Bruce Straley shared his thoughts via a column in the LA Times (thanks Push Square) explaining his input into The Last Of Us universe and revealing he is completely absent from the HBO version's credits. Straley helped create the first game and its Left Behind DLC, the story from which appears to be on the docket in the coming episodes of the series, not to mention Uncharted 4: A Thief's End.
As for the solution Straley suggests to make sure this sort of thing doesn't keep happening, the game dev has pushed for unionisation to be commonplace in the video game industry. “It’s an argument for unionisation that someone who was part of the co-creation of that world and those characters isn’t getting a credit or a nickel for the work they put into it,” Straley says. “Maybe we need unions in the video game industry to be able to protect creators.”
The LA Times claims both HBO and Sony have been contacted for comment on Straley not being credited in the show, but neither had replied by the time of publication.
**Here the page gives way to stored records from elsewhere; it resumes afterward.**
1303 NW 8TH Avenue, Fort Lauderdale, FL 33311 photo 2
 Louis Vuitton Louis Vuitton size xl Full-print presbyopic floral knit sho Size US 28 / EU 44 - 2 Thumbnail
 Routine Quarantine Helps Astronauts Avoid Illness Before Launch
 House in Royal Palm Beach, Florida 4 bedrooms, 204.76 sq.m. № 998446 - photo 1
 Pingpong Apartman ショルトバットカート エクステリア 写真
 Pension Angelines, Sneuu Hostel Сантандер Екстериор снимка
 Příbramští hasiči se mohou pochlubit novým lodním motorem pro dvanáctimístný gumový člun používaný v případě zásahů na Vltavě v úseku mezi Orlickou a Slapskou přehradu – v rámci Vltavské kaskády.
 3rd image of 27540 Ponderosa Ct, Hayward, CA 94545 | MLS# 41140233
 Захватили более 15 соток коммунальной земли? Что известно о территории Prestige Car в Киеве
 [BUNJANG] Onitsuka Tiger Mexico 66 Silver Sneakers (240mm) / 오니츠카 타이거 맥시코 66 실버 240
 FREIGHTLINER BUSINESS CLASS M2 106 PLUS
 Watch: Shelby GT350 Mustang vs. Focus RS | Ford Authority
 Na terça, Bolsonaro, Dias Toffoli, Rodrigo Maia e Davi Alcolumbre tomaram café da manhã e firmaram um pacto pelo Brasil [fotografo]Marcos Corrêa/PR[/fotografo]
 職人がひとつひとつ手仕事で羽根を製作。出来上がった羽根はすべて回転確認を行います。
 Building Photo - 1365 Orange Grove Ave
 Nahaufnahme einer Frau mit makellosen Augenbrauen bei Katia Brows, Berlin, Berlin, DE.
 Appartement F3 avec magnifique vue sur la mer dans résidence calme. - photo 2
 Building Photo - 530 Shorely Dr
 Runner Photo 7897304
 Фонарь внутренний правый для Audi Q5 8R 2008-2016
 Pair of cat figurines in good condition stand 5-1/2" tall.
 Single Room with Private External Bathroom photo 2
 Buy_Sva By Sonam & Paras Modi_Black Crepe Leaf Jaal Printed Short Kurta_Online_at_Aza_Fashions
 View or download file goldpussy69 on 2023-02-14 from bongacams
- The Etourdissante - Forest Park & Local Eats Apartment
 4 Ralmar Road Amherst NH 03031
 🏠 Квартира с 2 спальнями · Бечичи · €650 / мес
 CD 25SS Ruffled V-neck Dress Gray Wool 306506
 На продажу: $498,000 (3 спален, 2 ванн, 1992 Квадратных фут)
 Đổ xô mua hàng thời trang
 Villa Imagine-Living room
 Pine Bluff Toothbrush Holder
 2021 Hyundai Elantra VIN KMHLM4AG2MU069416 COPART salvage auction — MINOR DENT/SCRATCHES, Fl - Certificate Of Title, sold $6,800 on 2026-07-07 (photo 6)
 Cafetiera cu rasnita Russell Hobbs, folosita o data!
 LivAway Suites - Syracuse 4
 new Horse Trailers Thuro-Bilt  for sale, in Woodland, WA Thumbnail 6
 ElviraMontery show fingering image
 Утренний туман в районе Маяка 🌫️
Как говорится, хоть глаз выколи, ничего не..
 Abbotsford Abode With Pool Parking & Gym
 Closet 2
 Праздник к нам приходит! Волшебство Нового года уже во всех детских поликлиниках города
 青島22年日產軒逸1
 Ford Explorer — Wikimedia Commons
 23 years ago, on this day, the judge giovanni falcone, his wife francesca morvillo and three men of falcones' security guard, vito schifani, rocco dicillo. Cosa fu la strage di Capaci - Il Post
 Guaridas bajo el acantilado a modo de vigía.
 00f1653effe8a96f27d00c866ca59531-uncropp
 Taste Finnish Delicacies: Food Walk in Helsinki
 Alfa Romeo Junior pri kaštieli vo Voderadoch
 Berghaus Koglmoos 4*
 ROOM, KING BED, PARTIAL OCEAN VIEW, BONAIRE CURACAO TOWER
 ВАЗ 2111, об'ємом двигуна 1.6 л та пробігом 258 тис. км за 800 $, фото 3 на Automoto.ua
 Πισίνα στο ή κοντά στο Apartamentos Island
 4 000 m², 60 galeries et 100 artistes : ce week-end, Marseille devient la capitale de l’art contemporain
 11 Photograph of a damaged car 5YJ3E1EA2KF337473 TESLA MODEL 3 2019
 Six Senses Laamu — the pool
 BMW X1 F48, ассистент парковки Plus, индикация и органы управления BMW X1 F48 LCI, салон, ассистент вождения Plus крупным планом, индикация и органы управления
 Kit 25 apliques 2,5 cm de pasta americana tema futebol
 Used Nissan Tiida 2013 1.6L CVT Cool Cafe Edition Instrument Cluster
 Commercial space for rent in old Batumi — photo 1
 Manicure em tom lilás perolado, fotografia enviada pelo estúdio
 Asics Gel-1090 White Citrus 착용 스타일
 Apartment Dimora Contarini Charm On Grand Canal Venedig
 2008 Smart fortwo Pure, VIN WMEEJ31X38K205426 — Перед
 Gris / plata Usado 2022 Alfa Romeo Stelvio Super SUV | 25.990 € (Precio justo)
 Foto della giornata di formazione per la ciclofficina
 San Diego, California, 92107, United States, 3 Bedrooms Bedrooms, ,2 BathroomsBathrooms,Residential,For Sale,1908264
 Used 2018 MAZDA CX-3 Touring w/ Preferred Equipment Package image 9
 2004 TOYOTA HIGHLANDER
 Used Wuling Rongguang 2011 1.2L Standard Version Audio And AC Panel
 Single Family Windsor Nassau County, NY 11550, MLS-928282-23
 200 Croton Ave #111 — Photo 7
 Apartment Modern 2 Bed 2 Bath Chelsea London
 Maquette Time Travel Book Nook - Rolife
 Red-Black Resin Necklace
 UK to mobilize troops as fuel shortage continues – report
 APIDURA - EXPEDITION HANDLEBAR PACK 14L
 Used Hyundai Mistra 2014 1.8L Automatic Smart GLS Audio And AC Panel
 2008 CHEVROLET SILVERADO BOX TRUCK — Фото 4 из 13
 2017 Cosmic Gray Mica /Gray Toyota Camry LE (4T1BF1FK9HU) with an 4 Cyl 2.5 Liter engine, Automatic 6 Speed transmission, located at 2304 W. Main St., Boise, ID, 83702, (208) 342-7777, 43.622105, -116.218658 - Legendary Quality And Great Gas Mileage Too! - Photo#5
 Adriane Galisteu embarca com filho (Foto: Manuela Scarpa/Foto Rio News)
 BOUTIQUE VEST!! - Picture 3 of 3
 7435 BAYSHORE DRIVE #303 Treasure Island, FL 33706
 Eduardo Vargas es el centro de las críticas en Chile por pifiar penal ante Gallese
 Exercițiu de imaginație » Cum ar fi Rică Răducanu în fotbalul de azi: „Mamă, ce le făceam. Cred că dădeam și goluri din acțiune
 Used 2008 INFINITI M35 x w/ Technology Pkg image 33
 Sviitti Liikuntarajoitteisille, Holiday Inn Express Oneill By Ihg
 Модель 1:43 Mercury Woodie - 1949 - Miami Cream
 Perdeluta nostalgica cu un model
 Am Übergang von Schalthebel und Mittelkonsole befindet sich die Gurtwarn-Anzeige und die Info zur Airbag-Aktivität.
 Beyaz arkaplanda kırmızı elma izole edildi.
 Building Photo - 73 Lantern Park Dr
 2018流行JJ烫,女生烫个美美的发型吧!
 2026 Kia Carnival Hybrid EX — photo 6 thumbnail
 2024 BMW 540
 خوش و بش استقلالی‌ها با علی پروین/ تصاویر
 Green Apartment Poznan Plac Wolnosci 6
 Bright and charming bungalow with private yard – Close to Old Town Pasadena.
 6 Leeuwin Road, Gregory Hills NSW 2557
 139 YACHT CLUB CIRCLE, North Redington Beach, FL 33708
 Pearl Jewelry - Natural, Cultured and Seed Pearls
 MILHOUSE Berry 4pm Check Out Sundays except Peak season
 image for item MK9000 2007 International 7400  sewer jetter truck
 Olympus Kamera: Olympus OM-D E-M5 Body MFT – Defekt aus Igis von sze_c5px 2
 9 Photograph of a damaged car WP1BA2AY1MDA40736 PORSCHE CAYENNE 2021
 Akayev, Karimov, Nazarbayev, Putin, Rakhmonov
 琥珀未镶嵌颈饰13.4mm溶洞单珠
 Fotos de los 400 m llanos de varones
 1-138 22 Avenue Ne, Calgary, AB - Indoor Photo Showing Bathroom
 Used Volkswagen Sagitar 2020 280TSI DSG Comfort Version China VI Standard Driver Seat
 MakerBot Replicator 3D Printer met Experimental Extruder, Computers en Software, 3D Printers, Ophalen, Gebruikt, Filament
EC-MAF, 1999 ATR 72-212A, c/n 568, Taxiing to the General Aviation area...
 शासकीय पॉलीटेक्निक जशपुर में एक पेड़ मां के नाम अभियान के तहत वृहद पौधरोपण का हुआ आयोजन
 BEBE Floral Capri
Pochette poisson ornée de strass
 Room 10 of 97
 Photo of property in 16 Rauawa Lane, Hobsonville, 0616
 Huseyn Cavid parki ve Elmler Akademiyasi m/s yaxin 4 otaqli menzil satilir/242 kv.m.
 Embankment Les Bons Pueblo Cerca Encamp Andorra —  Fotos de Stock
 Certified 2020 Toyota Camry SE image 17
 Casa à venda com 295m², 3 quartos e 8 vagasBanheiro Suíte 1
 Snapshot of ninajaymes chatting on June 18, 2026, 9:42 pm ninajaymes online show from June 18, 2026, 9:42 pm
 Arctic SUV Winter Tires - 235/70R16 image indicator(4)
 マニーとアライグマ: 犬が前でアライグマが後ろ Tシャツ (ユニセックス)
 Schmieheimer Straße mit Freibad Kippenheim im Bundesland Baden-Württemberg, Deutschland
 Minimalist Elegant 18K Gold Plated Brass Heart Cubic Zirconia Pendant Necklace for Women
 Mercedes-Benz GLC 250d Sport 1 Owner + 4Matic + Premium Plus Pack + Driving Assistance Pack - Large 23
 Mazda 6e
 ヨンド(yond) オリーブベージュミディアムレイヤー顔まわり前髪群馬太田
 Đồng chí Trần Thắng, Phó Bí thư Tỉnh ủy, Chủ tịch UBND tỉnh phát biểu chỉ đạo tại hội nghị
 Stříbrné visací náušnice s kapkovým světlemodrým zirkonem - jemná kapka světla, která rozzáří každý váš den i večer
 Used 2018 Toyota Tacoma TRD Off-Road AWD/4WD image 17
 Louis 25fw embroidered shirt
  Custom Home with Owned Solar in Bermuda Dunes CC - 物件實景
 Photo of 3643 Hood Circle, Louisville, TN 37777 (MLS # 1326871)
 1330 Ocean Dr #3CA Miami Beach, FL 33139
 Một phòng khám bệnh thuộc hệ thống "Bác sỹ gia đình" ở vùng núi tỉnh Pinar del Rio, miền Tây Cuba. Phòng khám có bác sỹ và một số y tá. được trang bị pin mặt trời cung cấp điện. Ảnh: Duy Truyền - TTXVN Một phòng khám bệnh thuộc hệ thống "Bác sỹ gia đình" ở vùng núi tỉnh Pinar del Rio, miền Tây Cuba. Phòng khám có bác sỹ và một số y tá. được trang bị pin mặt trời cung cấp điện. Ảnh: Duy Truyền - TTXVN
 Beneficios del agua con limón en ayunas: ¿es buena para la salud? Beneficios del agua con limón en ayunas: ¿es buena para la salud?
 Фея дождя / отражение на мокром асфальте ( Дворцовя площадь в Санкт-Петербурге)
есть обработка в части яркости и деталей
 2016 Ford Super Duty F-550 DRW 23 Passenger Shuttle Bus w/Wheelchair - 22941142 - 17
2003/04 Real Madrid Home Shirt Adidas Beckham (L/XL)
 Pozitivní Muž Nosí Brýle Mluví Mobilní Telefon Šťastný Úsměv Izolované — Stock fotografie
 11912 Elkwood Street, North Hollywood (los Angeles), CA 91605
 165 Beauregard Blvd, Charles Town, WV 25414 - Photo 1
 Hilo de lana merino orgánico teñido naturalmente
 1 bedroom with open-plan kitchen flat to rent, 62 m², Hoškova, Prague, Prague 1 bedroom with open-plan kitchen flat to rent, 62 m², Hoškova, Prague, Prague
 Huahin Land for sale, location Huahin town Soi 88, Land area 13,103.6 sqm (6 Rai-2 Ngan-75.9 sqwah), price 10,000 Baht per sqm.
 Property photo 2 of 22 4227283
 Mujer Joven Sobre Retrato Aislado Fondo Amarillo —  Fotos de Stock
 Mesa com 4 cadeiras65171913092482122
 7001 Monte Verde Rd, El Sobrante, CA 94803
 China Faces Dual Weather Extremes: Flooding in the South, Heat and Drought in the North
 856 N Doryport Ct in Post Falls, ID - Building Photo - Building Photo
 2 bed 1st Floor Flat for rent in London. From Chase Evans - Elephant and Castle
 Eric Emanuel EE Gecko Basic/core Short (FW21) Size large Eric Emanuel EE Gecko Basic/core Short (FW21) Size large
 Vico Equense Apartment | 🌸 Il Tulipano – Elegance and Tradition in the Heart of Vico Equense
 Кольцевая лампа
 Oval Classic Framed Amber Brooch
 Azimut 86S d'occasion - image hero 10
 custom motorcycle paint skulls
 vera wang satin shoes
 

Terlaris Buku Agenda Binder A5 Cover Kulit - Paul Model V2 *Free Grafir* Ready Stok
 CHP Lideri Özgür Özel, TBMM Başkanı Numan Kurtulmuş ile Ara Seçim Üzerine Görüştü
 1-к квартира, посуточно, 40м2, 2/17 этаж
Straley left Naughty Dog shortly after working on Uncharted 4, so prior to the studio striking up a deal with HBO to adapt The Last Of Us into a TV show. While it's unclear whether Straley and Neil Druckmann still speak, the former's relationship with the latter and his studio is described as “strained”.
Developers who worked on games not getting the credit they deserve has been an ever-present issue recently. The original creators of Pac-Man World only had their names added to the remake's credits last year following backlash and growing pressure from the uncredited devs and their fans through social media.